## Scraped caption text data
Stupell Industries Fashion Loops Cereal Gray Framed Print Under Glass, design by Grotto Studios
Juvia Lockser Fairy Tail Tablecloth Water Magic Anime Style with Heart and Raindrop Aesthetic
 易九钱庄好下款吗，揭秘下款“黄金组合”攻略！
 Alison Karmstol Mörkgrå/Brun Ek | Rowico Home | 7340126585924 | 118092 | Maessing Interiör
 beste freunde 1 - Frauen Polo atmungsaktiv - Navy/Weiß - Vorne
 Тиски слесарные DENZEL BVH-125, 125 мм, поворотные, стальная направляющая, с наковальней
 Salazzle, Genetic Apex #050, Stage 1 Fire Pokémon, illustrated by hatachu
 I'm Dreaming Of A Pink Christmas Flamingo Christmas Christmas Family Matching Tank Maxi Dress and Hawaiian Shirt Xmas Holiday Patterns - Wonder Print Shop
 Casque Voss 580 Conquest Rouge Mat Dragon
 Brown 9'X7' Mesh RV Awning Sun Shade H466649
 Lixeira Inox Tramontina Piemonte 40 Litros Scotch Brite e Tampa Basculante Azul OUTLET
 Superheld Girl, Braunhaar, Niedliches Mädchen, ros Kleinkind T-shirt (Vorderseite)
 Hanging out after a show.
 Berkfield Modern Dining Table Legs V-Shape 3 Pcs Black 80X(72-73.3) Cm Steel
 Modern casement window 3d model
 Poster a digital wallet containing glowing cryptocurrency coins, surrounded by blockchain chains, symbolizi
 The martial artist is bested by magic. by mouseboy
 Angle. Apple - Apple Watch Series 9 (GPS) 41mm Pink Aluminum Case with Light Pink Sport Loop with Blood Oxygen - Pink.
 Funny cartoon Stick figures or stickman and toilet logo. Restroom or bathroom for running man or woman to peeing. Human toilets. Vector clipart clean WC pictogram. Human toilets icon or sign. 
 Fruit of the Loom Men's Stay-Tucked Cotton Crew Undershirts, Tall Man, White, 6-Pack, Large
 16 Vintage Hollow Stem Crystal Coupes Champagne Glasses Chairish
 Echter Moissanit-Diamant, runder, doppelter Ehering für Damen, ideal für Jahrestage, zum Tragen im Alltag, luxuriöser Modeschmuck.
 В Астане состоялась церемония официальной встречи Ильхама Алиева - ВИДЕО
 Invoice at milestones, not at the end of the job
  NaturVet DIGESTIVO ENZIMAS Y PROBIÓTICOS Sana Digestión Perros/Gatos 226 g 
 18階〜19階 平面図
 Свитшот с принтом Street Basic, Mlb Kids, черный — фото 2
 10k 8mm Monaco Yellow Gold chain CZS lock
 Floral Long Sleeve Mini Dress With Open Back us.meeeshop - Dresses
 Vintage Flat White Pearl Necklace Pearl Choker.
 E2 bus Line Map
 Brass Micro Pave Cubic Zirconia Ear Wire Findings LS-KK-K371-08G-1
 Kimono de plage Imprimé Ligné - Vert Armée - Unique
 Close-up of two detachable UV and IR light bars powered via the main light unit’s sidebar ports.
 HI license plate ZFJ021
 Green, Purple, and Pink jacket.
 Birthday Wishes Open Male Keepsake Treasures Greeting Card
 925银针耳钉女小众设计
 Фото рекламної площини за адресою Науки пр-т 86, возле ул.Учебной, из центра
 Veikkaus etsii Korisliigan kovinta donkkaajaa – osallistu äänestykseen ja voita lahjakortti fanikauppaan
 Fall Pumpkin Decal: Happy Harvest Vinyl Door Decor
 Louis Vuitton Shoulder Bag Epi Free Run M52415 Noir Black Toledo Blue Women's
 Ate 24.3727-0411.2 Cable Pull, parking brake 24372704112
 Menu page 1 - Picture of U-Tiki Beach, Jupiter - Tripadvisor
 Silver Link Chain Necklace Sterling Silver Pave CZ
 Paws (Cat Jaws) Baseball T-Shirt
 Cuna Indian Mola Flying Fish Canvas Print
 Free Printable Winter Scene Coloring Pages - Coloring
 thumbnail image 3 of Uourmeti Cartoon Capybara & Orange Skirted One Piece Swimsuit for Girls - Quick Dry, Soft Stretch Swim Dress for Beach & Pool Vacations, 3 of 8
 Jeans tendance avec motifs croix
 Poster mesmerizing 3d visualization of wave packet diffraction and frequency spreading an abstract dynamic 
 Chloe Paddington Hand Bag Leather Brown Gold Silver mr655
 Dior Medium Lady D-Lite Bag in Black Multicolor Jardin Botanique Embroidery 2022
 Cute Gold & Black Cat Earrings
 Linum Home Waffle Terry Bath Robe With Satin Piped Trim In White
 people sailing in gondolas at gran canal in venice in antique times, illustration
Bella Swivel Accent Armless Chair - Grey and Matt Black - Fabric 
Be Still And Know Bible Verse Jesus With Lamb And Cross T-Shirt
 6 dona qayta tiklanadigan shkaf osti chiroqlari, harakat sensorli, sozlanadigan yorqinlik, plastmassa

## EXERCISE DESCRIPTION
Take the entries above and return only the lines from the one with "Echter Moissanit-Diamant, runder, doppelter" to the one with "Bella Swivel Accent", both included, unchanged.

## EXERCISE SOLUTION
 Echter Moissanit-Diamant, runder, doppelter Ehering für Damen, ideal für Jahrestage, zum Tragen im Alltag, luxuriöser Modeschmuck.
 В Астане состоялась церемония официальной встречи Ильхама Алиева - ВИДЕО
 Invoice at milestones, not at the end of the job
  NaturVet DIGESTIVO ENZIMAS Y PROBIÓTICOS Sana Digestión Perros/Gatos 226 g 
 18階〜19階 平面図
 Свитшот с принтом Street Basic, Mlb Kids, черный — фото 2
 10k 8mm Monaco Yellow Gold chain CZS lock
 Floral Long Sleeve Mini Dress With Open Back us.meeeshop - Dresses
 Vintage Flat White Pearl Necklace Pearl Choker.
 E2 bus Line Map
 Brass Micro Pave Cubic Zirconia Ear Wire Findings LS-KK-K371-08G-1
 Kimono de plage Imprimé Ligné - Vert Armée - Unique
 Close-up of two detachable UV and IR light bars powered via the main light unit’s sidebar ports.
 HI license plate ZFJ021
 Green, Purple, and Pink jacket.
 Birthday Wishes Open Male Keepsake Treasures Greeting Card
 925银针耳钉女小众设计
 Фото рекламної площини за адресою Науки пр-т 86, возле ул.Учебной, из центра
 Veikkaus etsii Korisliigan kovinta donkkaajaa – osallistu äänestykseen ja voita lahjakortti fanikauppaan
 Fall Pumpkin Decal: Happy Harvest Vinyl Door Decor
 Louis Vuitton Shoulder Bag Epi Free Run M52415 Noir Black Toledo Blue Women's
 Ate 24.3727-0411.2 Cable Pull, parking brake 24372704112
 Menu page 1 - Picture of U-Tiki Beach, Jupiter - Tripadvisor
 Silver Link Chain Necklace Sterling Silver Pave CZ
 Paws (Cat Jaws) Baseball T-Shirt
 Cuna Indian Mola Flying Fish Canvas Print
 Free Printable Winter Scene Coloring Pages - Coloring
 thumbnail image 3 of Uourmeti Cartoon Capybara & Orange Skirted One Piece Swimsuit for Girls - Quick Dry, Soft Stretch Swim Dress for Beach & Pool Vacations, 3 of 8
 Jeans tendance avec motifs croix
 Poster mesmerizing 3d visualization of wave packet diffraction and frequency spreading an abstract dynamic 
 Chloe Paddington Hand Bag Leather Brown Gold Silver mr655
 Dior Medium Lady D-Lite Bag in Black Multicolor Jardin Botanique Embroidery 2022
 Cute Gold & Black Cat Earrings
 Linum Home Waffle Terry Bath Robe With Satin Piped Trim In White
 people sailing in gondolas at gran canal in venice in antique times, illustration
Bella Swivel Accent Armless Chair - Grey and Matt Black - Fabric 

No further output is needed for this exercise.